In un paese in cui l’idealizzazione verso le figure genitoriali è a tempo indeterminato, in cui l’iperpresenza invischiante di mamma e papà inizia dalla prima ecografia e si estende verso un bel fine pena mai ecco Arianna, uno spiraglio di luminosa e anacronistica lust for life.

Però papà non ci sta. “Ma come? Non stai bene qui?” chiede col cuore spezzato. “Si certo”, risponde lei “ma voglio farmi la mia vita”.

Batti 5 Arianna.

Ma se in un paese normale la notizia di un figlio che vuole emanciparsi sarebbe accolta come cosa lieta nel qui ed ora della cultura italiana è il preludio del disastro.

Vediamo un padre disperato litigare con la moglie, possiamo solo immaginare quel che si dicono ma c’è da scommettere che il tono sia vagamente recriminatorio.

Poi i genitori vanno a fare la spesa e lì la trovata: compriamo una carota!

A che servirà questa carota? Lo scopriamo presto: a simulare un karaoke, durante il quale, questo contrito padre dedicherà alla figlia una canzone dal significato piuttosto enigmatico “ti lascio una canzone per quando avrai freddo, fame e sete…” terminando con un “fai la tua vita amore mio”

Ora, lo spot in questione ha evidentemente un obiettivo conciliatorio tra un padre innamorato della figlia quanto preoccupato per l’ostilità del mondo e la suddetta, che, c’è da ammettere, non si lascia scoraggiare nei suoi propositi e mantiene il punto fino alla fine.
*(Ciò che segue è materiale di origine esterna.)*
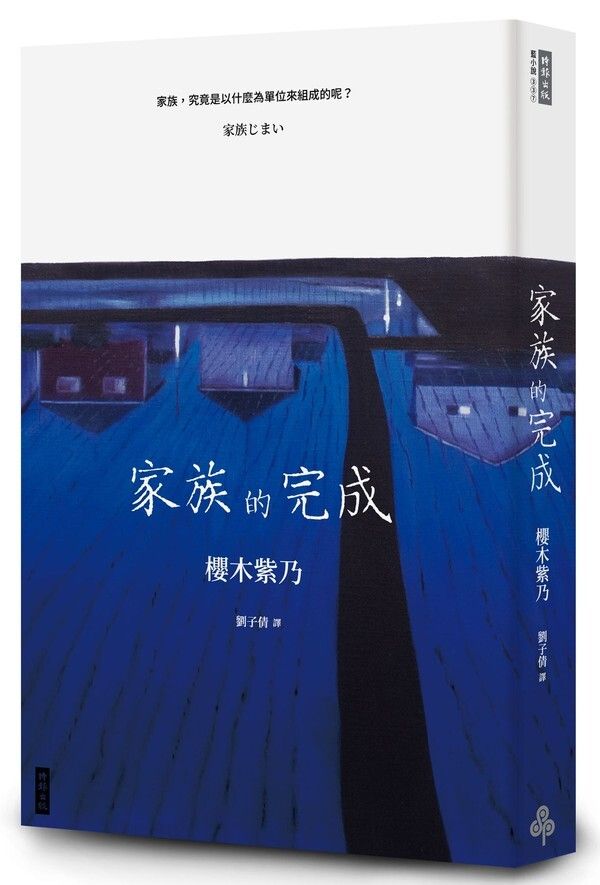 taaze_world_literature_1114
Mi chiedo però se in un momento così inedito come quello che stiamo vivendo in cui un’intera generazione (forse 2) fatica a trovare il proprio posto nel mondo causando conseguenze drammatiche nella psiche di questi giovani la scelta del focus sul genitore-che-non-riesce-a-separarsi sia quella più adeguata.

Qui si vede una figlia accompagnare un padre ben poco collaborativo alla separazione. Che tra l’altro riesce giusto un po’ ad elaborare solo tramite un movimento regressivo (mentre canta si vedono immagini della figlia da piccola).

Il futuro di Arianna non è pensabile. Non c’è un padre che accompagna una figlia in un giusto e fisiologico passaggio evolutivo di crescita. Cosa di cui avrebbero tanto bisogno i ragazzi oggi.

C’è un padre che soffre, per qualcosa di cui invece dovrebbe essere felice (felicità agrodolce magari ma pur sempre una felicità), e noi tutti ad empatizzare con lui, col suo dolore.

Ma non voglio essere cinica. Un figlio che cresce e va per la sua strada un po’ ci fa soffrire. Ci mette direttamente faccia a faccia col tempo che passa, col fatto che non siamo più indispensabili come invece siamo stati in tempi più antichi.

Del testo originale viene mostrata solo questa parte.